One different thing we have noticed here is the average age. Most cruising locales look like AARP conventions; here there have been many boats with younger folks, say 30's~40's, some with their kids. We're too old to feel guilty, but we never took Sean on any island hopping boat trips. We have met several "cruiser kids" and observed many more. What has struck us is that they are the nicest, most polite, most well mannered kids around. They also seem very well adjusted socially, able to interact with people of all ages, young to old. I have thought about this but do not yet have an idea about why this should be.

Here we are in a remote island paradise; we are on a boat not tethered to shore; we cannot make a phone call because BaTelCo has no cell towers within 20 miles. There's no water, fuel or food available.
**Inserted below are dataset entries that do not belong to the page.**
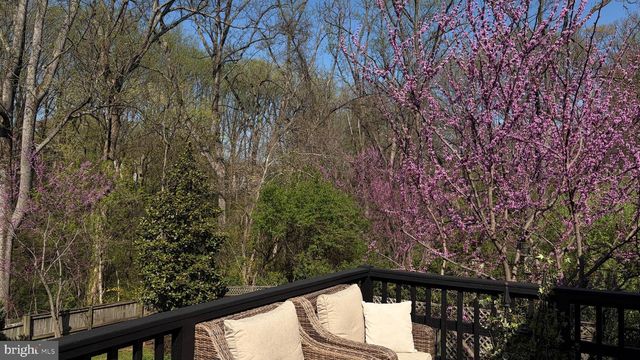 6309 MORI ST, Mclean, VA 22101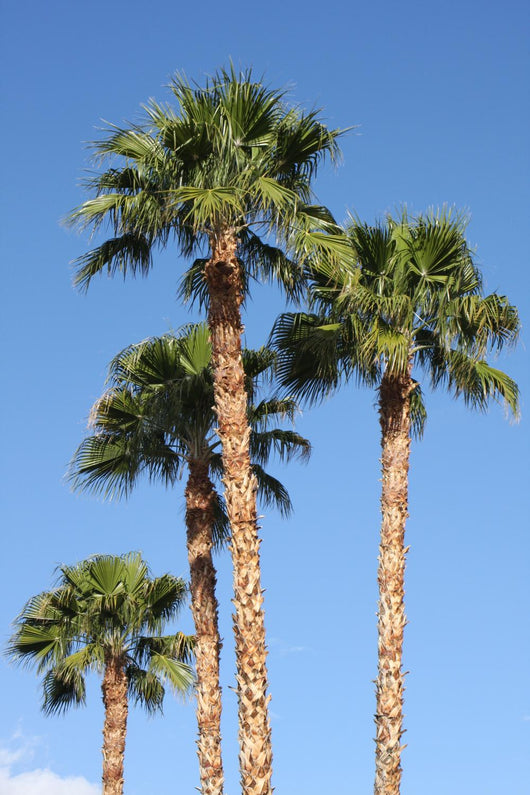 Palm Trees Wall Mural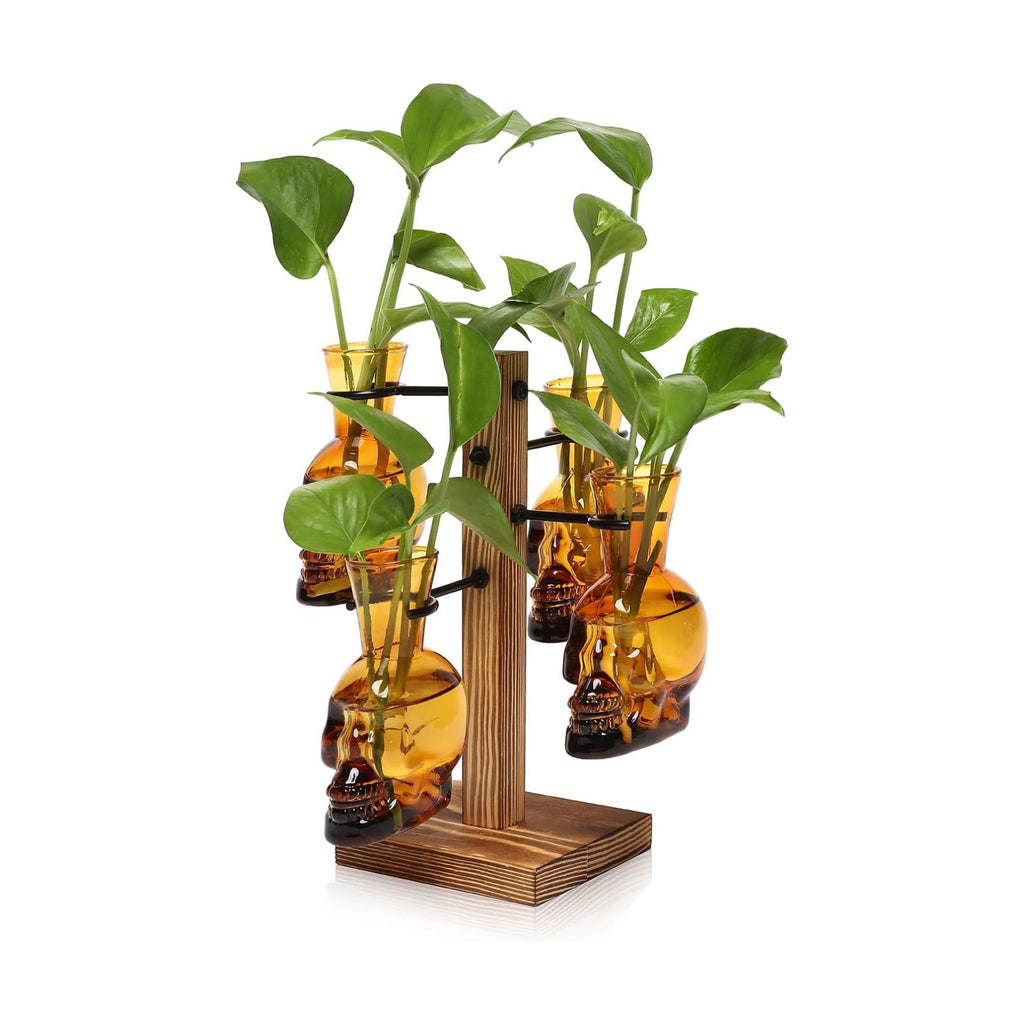 Plants Propagation Stations Skull Glass Propagation Birthday Gift for Women | Garden Plant Lovers - 4 Skull
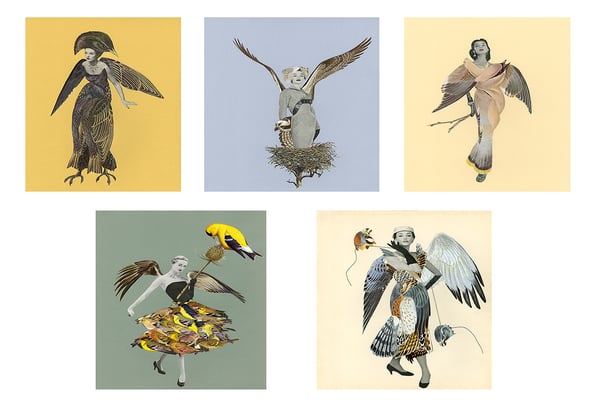 Image of Bird Women note cards.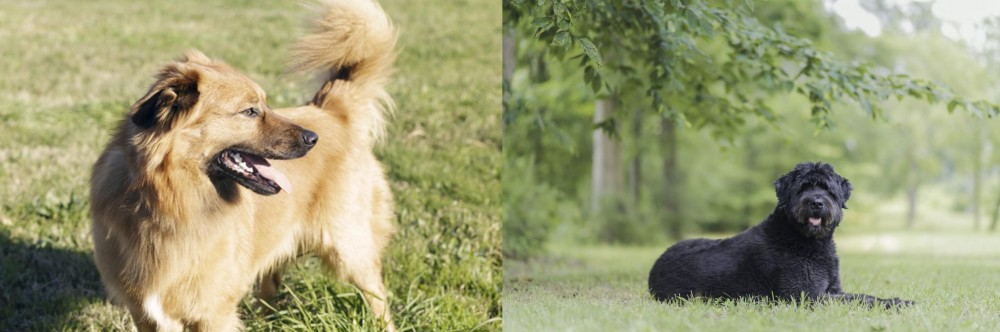 Bouvier des Flandres vs Basque Shepherd - Breed Comparison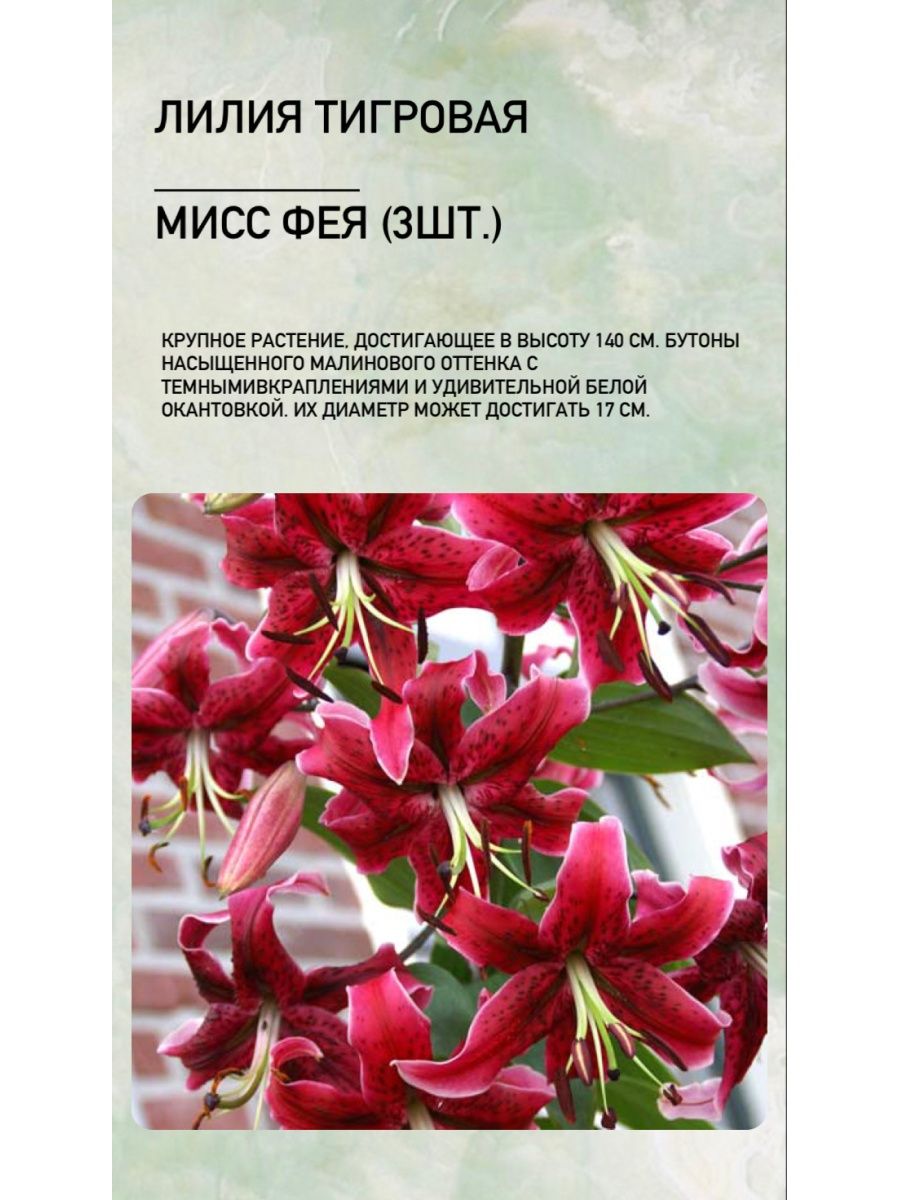 Лилия тигровая луковица. Лилия бордовая. Лилия тигровая луковички. Луковица лилии тигровой. Лилия бордового цвета.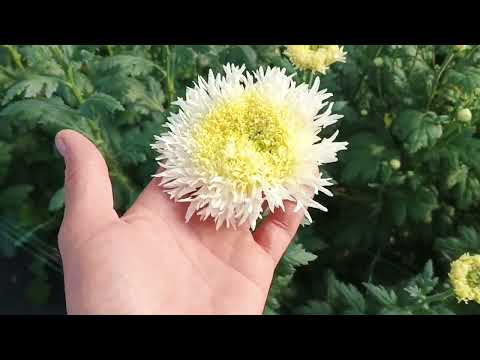 Видео: Обзор Хризантемы на 16.08.23 и ошибка на десятки тысяч.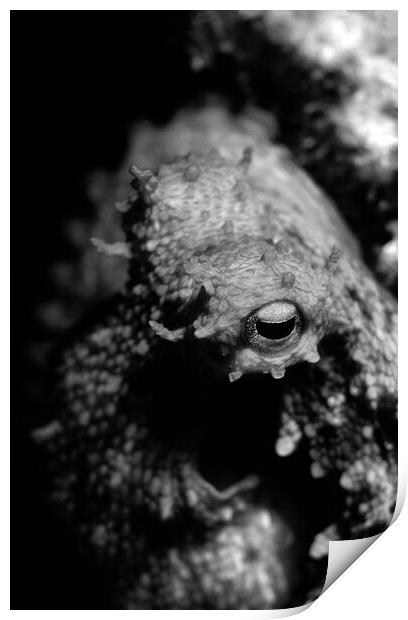 eye of octopus in black & white Print by youri Mahieu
And yet -- there is pretty good internet service, not cheap but something is better than nothing. And, in addition to the ubiquitous book exchange they have about 200, or so, DVD's that they rent for not very much money. So, we rented a DVD for the evening just to try to stay awake past sunset. It probably won't work but it's worth a try. (Post Script: we did watch the video on the computer and played the sound through the FM radio. Big mistake! We used over 10 Ah which shocked me. The computer DVD drive must require a lot of power. No more DVD's unless we are on shore power.)

It's clear to me that some boat owner would have benefited from having my computerized maintenance checklist.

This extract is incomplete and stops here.